Evet, çok büyük bir kaynak israfı bu uygulama. Yıllarını vererek Tıp Fakültelerinde okumuş ve akademik kariyer yapmış alanında kalp profesörü olmuş veya Mühendislik Fakültelerinde okumuş, akademik kariyer yapmış elektronik mühendisliği bölümünde profesör olmuş birisi kürsüsünde bulunup öğrenci yetiştireceği yerde, bilimsel araştırma için projelerde çalışacağı yerde mevcut kadroda çalışabilecek idari personel olmasına rağmen idari makamlarda görevlendiriliyor. Derslere giremediği için yerine derse girecek dışarıdan parayla öğretim elemanı alınıyor. Yetişen bu profesörlerin yıllardır gerek ailelerinin, kendilerinin, gerekse devletin harcadığı paralara yazık değil mi? yıllarını vererek idari kadrolarda çalışıp kendini yetiştirdikten sonra bir paçavra gibi bir kenara atılarak, bir kardiyoloji profesörü veya bir elektronik profesörü bu işi senden daha iyi yapar, idari konularda senden daha zeki deyip bu makama onu getirmesi çift taraflı olarak kaynak israfı değil mi? İdari personele karşı hakaret ve aşağılama değil mi? İnsanlar arasında ayırım yapma, sınıf farkı yaratma değil midir?

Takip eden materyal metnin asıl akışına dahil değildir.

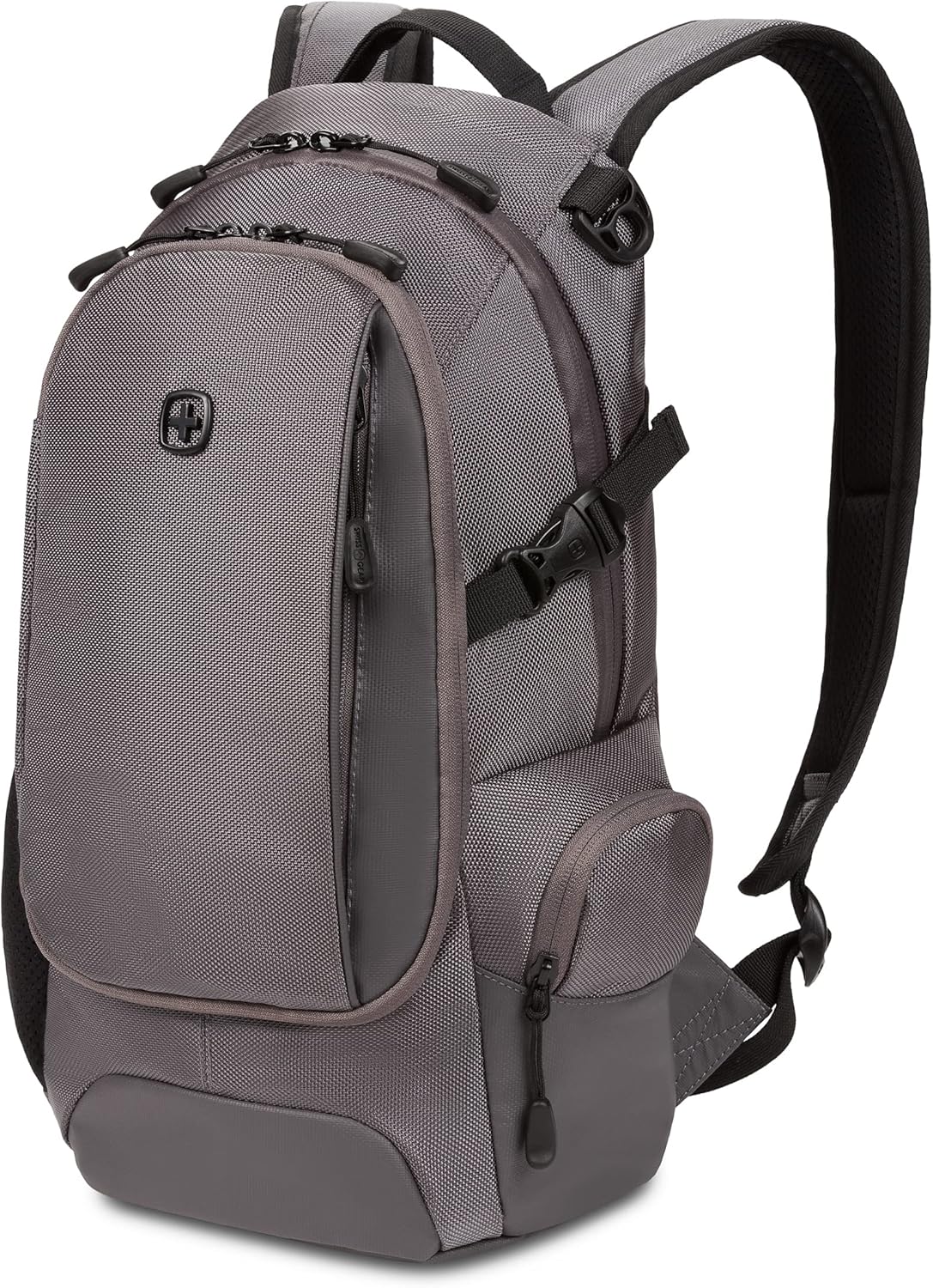 Narrow Daypack Backpack Dark Grey - Image 10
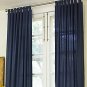 82" X 64" WENDY TAB TOP- 2 PANEL SET- CLASSIC NAVY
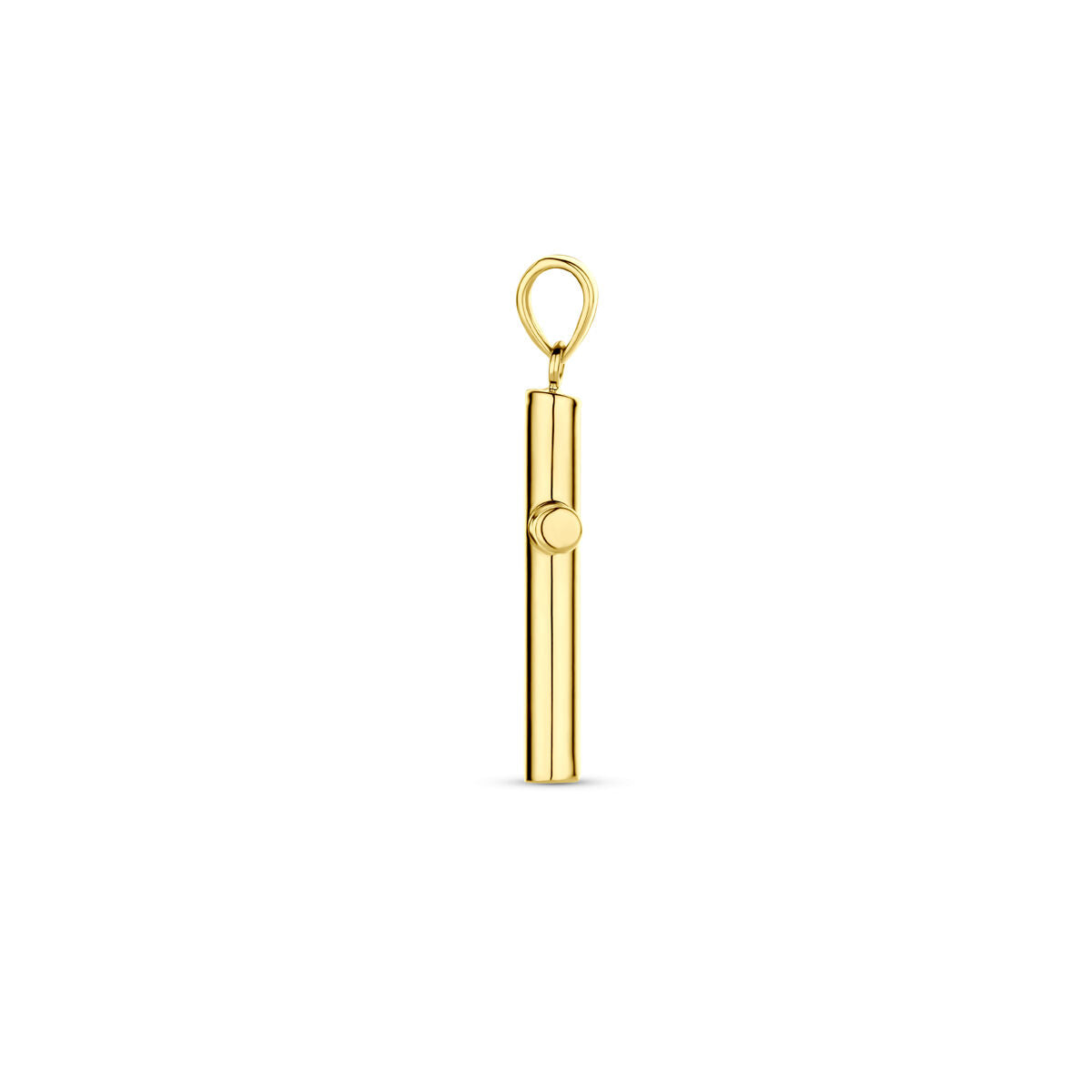 wisiorek krzyż 28 mm 14K żółte złoto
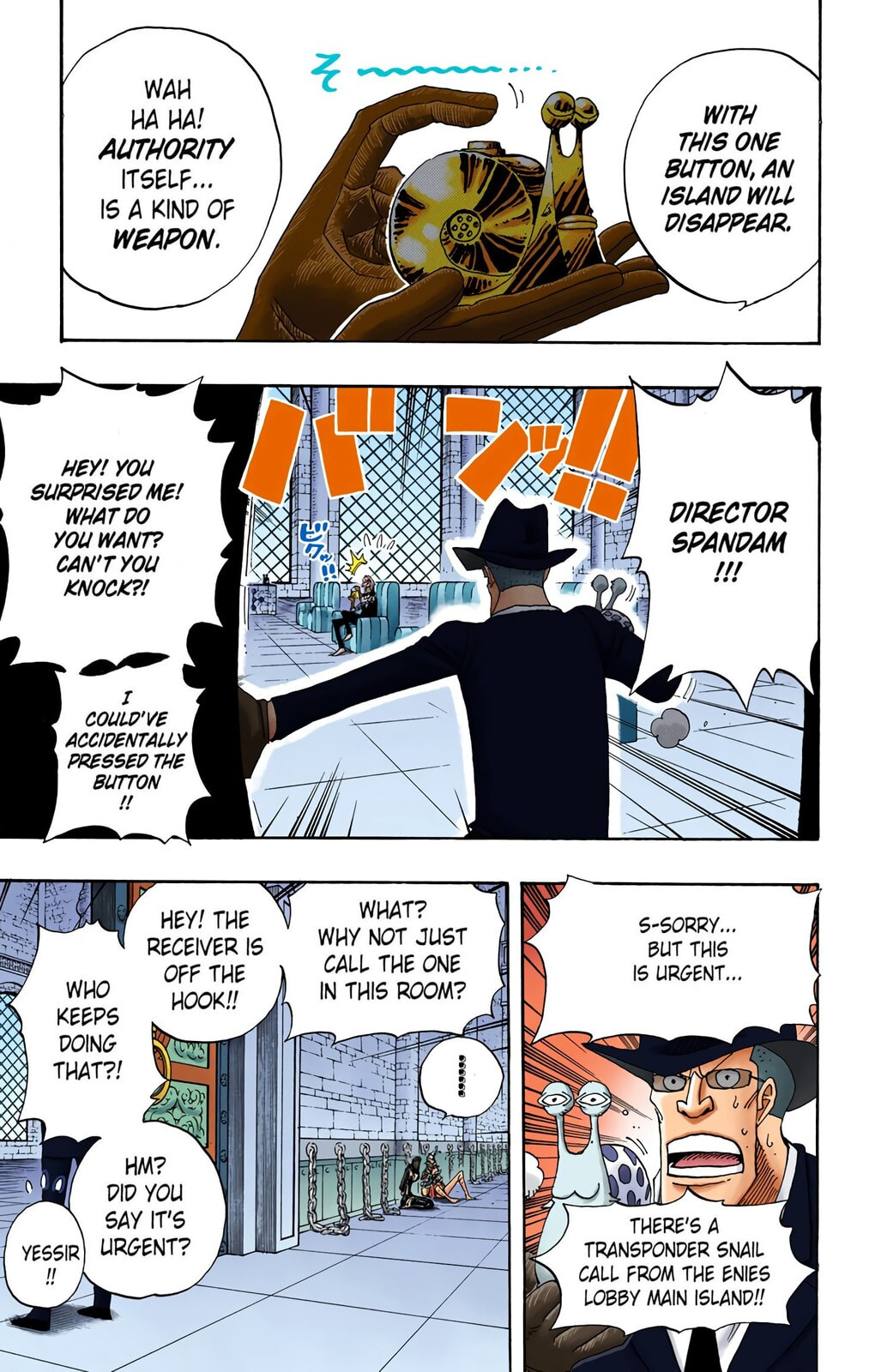 Read One Piece (Colored) chapter 386 image 2 on Lezhin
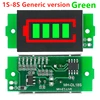 1S 2S 3S 4S Single 3.7V Lithium Battery Capacity Indicator Module 4.2V Blue Display Electric Vehicle Battery Power Tester Li-ion ► Photo 3/6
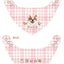 100% Cottom Customized Pet Bandana Bibs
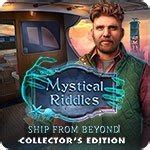 Mystical Riddles: Ship From Beyond Collector's Edition Game - Download ...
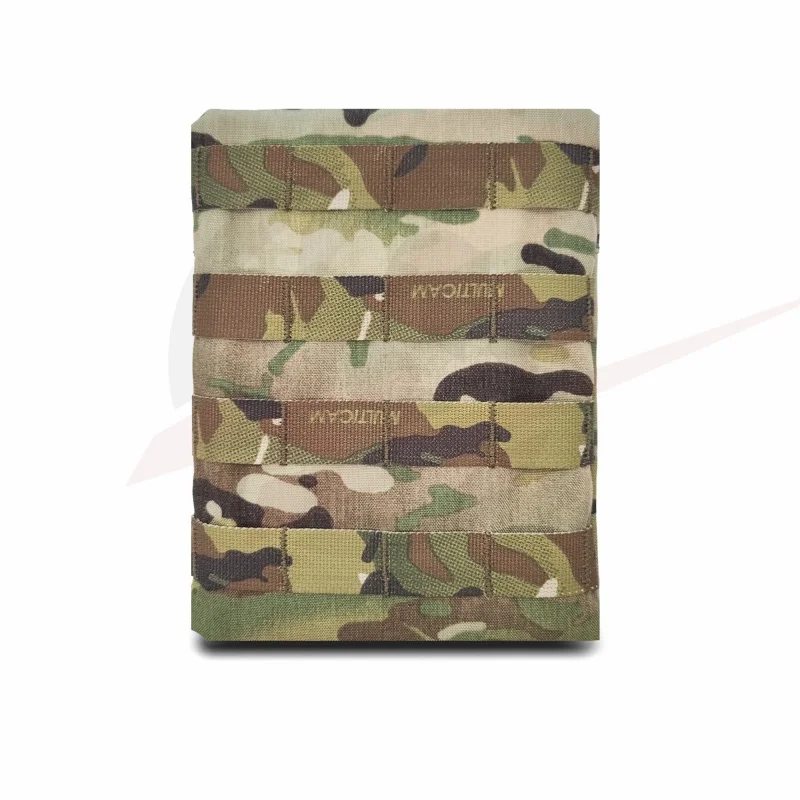 Panel lateral táctico con sistema MOLLE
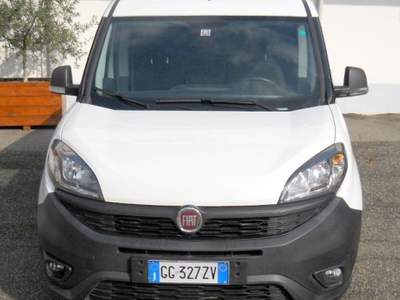 Fiat Doblò 1.6 MJT 45.000 KM  3 POSTI CARGO LOUNGE NAVIGATORE Bianco usata Mirandola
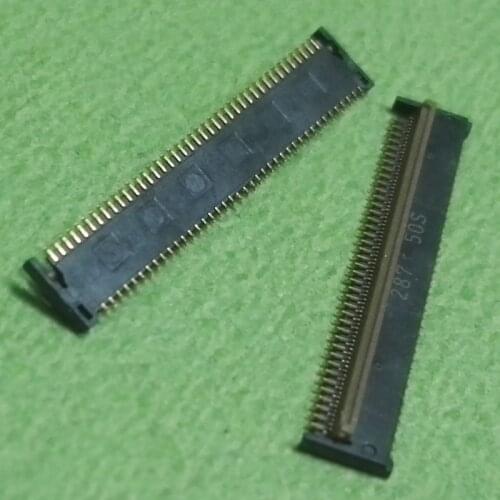 1-2pcs FPC Port Plug for Samsung Galaxy Tab 3 10.1 P5200 P5201 P5210 P5220 P5221 Touch Digitizer Screen FPC Connector 80 Pin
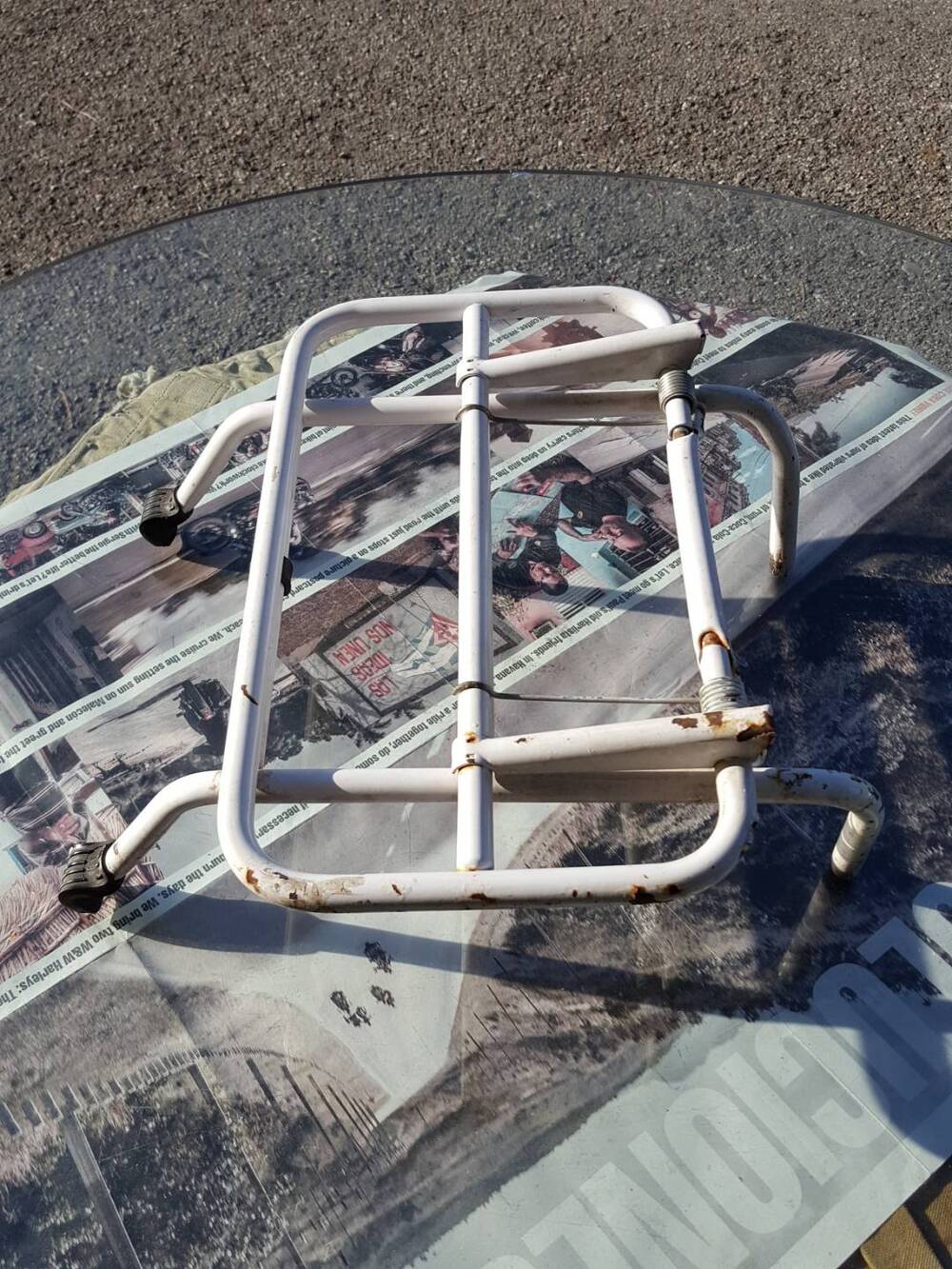 Portapacchi Vespa 50 (10)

Bunları üniversite kamuoyunda tartışmaya açıyorum. Tartışalım ki doğruyu bulalım. Kendi sistemimizi kendimiz dünya standartlarında belki de daha üstünde kuralım. Bizler bunu beceremezsek birileri gelir sistemini ortaya koyar ve bunu uygulayacaksın der. Bizler de kuzu kuzu buna uyarız. Başta biraz söyleniriz ama sonradan alışır ve böyle gelmiş böyle gider diyerek düzene uyarız.
Hayır, artık böyle yapmayalım. Uyanalım. Tartışmaya başlayalım ve en iyisini bularak uygulanması için yukarılara baskı yapalım. Bunları yaparken 30-40 yıl öncesinin kısır siyasi söylemleri ile değil, akılcı ve uygulanabilir pratik yöntemler bulalım.